Założyciel i szef Facebooka Mark Zuckerberg stanął we wtorek przed połączonymi komisjami Senatu USA w sprawie wycieku danych milionów użytkowników serwisu.
Kiedy senator stanu Floryda zapytał go, czy firma rozpatruje opcję, w której użytkownicy będą mogli zapłacić, by ich dane nie zostały wykorzystane w celach reklamowych, Zuckerberg odpowiedział, że "w tej chwili Facebook nie oferuje takiej opcji". Jego zdaniem konstrukcja serwisu w oparciu o przychody z reklam jest najlepszą metodą, by "mogły z niego korzystać miliardy użytkowników".
Senator Orrin Hatch z Utah dopytywał, czy celem Zuckerberga jest, by Facebook pozostał bezpłatny. - Zawsze będzie taka wersja Facebooka, która jest darmowa.
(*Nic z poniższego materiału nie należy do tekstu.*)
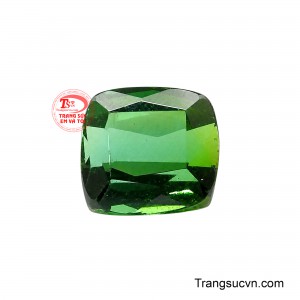 Viên Tourmaline Lục Diệp mang sắc xanh lục tự nhiên gợi liên tưởng đến những tầng lá xanh căng tràn sức sống. 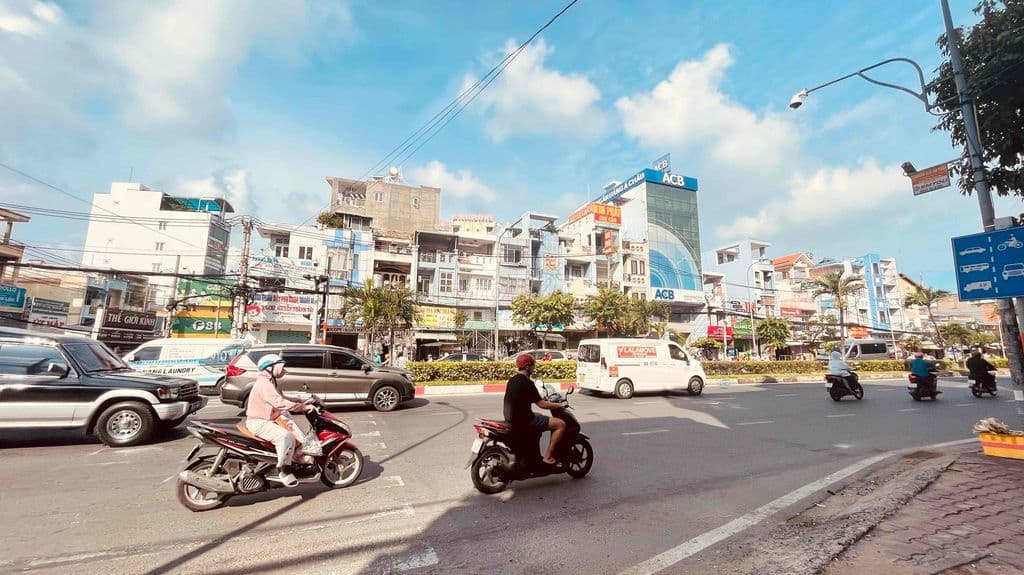 CHỈ 50tr/m2 ĐẤT HẺM XE HƠI QUAY ĐẦU- NGAY CHỢ CẦU QUANG TRUNG GÒ VẤP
Nie sprecyzował, jakie mogłyby być inne wersje - odpowiedział szef portalu.
Wcześniej szefowa operacyjna Facebooka Sheryl Sandberg powiedziała dziennikarzom, że hipotetyczna sytuacja, w której dane użytkowników portalu nie byłyby wykorzystywane w celach reklamowych, wymagałaby opłaty za korzystanie z serwisu. - Moim zdaniem Sheryl miała na myśli to, że rezygnacja z reklam wymagałaby od nas pewnego modelu biznesowego - dodał Zuckerberg.